DIRECTIONS FOR THIS TASK. Among the entries, find each line that includes the string "profile" and list it.
*** DATA ***
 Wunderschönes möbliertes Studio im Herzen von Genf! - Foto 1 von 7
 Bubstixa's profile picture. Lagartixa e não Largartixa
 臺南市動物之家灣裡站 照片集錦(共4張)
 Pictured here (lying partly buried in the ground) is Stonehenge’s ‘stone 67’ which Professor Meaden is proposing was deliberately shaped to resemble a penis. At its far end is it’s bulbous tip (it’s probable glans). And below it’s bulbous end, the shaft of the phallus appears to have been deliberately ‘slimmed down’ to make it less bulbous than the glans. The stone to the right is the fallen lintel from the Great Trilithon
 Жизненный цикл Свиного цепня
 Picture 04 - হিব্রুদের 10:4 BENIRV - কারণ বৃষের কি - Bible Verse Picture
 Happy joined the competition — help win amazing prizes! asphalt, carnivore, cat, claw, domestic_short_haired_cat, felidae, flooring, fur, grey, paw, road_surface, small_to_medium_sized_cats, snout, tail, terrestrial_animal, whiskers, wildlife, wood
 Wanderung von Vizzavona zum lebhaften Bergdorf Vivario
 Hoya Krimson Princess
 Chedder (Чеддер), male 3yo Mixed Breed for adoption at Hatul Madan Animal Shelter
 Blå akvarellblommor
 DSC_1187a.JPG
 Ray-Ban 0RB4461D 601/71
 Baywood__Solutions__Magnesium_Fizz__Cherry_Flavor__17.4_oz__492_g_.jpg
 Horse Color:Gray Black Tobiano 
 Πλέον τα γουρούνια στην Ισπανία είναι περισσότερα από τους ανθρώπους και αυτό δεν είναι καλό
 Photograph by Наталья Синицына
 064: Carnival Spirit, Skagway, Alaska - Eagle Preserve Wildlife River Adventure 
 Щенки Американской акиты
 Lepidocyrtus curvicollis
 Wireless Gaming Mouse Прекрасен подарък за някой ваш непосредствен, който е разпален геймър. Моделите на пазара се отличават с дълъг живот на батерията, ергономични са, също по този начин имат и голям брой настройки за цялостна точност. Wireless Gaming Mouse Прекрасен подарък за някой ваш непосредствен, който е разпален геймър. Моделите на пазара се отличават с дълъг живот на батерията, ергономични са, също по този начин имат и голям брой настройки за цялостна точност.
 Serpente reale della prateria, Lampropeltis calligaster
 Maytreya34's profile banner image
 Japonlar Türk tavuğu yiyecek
***
THE ANSWER.
 Bubstixa's profile picture. Lagartixa e não Largartixa
 Maytreya34's profile banner image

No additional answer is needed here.